La cinétique de dégradation de ces composés paraît extrêmement rapide (17 h par rapport à une durée d’expérience de plusieurs mois dans l’étude de Biache et al. (2017)), d’autant plus qu’un bactéricide a été utilisé dans le cadre de nos travaux (azoture de sodium, NaN3, 200 mg/L dans la solution de percolation). Nous pouvons considérer qu’une fois solubilisés dans les eaux, les CAP sont (bio)disponibles et sont donc susceptibles d’être facilement dégradés par les micro-organismes. De plus, alors que 100 mg de NaN3 avaient été ajoutés pour 50 g de terre lors de nos expériences en batch (cf. conditions expérimentales en batch – chapitre 3), 110 mg de NaN3 ont été introduits pour 1700 g de terre par volume poreux (environ 560 mL) pour les expériences en colonne, soit 31 fois moins. Il est donc probable que l’effet du bactéricide utilisé à ces concentrations n’ait pas été suffisamment efficace. Nous ne pouvons pas également écarter une potentielle sorption de l’azoture de sodium sur la matrice solide lors de la percolation, ce qui conduirait à diminuer sa concentration dans les eaux en sortie de colonne et donc son efficacité.

Certains CAP-O jusqu’à 4 cycles présentent également un comportement compatible avec une biodégradation (augmentation progressive de leur concentration suite à une baisse notable en début de séquence) lorsque les temps de séjours des lixiviats dans les flacons de collecte sont importants. C’est le cas du dibenzofurane (Figure 4- 16), de la méthylanthracènedione, de la benzoanthracènedione, de la naphthacène-5,12-dione et potentiellement de l’anthraquinone.
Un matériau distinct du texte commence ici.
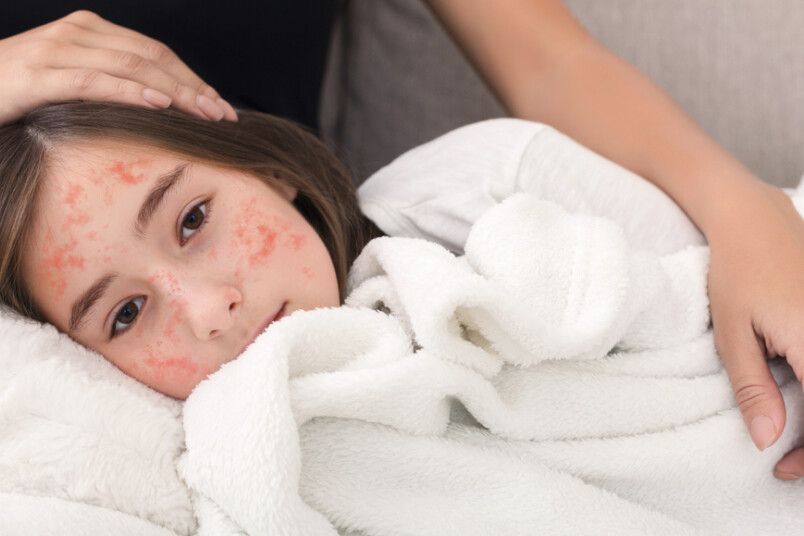 Visvairāk saslimušo bijis vecumā no sešiem līdz 15 gadiem.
En revanche, aucun des CAP-N suivis n’a présenté d’évolution à relier avec ce phénomène de biodégradation.

Ces processus de biodégradation n’affectant qu’un certain nombre de CAP (notamment les HAP), ne sont pas corrélés avec l’apparition de sous-produits supplémentaires en particulier des CAP oxygénés.

Figure 4- 16 : Courbes de percée du dibenzofuran issues des colonnes de terre MG brute (MG-BT) et préchauffée (MG-PC)

Compte tenu de la biodégradation survenue au cours de l’expérience, seuls les composés ne présentant pas d’évolution de concentration associée à un processus de biodégradation (pas de baisse brutale en début de séquence suivi d’une augmentation progressive) sont considérés pour la suite de l’étude des mécanismes de mobilisation.

Par conséquent, dans cette partie nous discuterons les courbes de percée de l’anthracène (HAP), de la périnaphténone (CAP-O) et de l’acridine (CAP-N) pour les composés à 3 cycles benzéniques et les courbes de percée du fluoranthène (HAP), de la cyclopenta(def)phénanthrone (CAP-O) et de la benzo(c)acridine (CAP-N) pour les composés à 4 cycles benzéniques.